Bluebird: The Two

The Two

Bluebird plays emo.

Not that I’d hold that against them — they’d probably prefer some term like “post-hardcore” to the old standby, newly-refreshed for emo bands that don’t want to be labeled as such, “indie rock.” Take your pick.

Bluebird plays music that’s kinda jangly, kinda melodic, kinda sung, kinda screamed kinda stuff. To me it’s kinda interesting, kinda not. Over time I’ve come to the realization that passionate, emotional rockin’ and melodic music does not come from the speakers of Mineral, the Promise Ring and Texas Is the Reason as much as it does from Cheap Trick.

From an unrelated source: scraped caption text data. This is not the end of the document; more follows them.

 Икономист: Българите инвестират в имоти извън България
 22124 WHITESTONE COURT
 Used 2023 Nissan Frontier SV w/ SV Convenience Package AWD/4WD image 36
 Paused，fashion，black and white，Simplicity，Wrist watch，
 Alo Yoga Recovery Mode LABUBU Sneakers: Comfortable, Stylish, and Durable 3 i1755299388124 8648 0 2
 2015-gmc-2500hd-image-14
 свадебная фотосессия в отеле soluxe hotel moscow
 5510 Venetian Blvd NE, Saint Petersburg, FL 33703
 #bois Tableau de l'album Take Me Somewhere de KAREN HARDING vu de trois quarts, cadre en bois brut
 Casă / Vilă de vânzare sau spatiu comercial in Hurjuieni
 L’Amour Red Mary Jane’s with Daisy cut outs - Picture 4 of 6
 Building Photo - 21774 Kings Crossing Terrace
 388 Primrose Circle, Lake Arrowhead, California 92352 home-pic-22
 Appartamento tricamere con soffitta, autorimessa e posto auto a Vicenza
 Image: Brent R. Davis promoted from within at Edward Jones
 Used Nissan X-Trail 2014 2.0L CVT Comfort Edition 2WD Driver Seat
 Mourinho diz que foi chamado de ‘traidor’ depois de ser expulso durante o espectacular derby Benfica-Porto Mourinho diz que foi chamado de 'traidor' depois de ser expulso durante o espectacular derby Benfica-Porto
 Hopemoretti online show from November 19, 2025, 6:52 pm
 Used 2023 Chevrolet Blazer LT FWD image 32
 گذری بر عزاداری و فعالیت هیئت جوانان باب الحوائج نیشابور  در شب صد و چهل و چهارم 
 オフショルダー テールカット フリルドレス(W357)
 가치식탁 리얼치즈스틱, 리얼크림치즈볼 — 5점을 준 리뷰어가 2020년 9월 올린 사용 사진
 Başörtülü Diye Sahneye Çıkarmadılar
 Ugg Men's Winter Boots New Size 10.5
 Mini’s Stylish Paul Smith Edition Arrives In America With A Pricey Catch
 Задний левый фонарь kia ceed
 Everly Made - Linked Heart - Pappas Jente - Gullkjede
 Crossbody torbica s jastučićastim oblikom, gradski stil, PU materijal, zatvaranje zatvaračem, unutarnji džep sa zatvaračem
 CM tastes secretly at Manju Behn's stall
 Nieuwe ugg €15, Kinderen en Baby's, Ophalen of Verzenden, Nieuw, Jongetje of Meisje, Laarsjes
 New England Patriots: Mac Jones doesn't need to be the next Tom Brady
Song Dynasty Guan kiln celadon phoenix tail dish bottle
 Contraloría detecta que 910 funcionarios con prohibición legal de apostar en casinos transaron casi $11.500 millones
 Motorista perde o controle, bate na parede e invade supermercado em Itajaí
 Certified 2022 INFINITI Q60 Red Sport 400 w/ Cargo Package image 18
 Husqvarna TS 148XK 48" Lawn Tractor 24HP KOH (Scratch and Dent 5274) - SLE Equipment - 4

While Bluebird doesn’t particularly sound like any of the above-mentioned bands, choosing to take cues from the much beloved and mourned Quicksand (who for all intents and purposes, perfected the style of music Bluebird aims to play), they don’t really do much of anything terribly exciting. There are a couple of jazzy, chaotic tunes in the vein of early Gravity Records bands like Angel Hair and Antioch Arrow and then some other stuff that reminds me of “annoying” bands like the Vehicle Birth, but the sum of these parts doesn’t add up to a cohesive whole.

Rather than feign interest in a band like Bluebird, I offer these words of wisdom to the aspiring hopefuls: Cheap Trick at Budokan. Albeit a live album, but one with a beginning, middle, and end, not to mention the fantastic skin-pounding by Bun E. Carlos.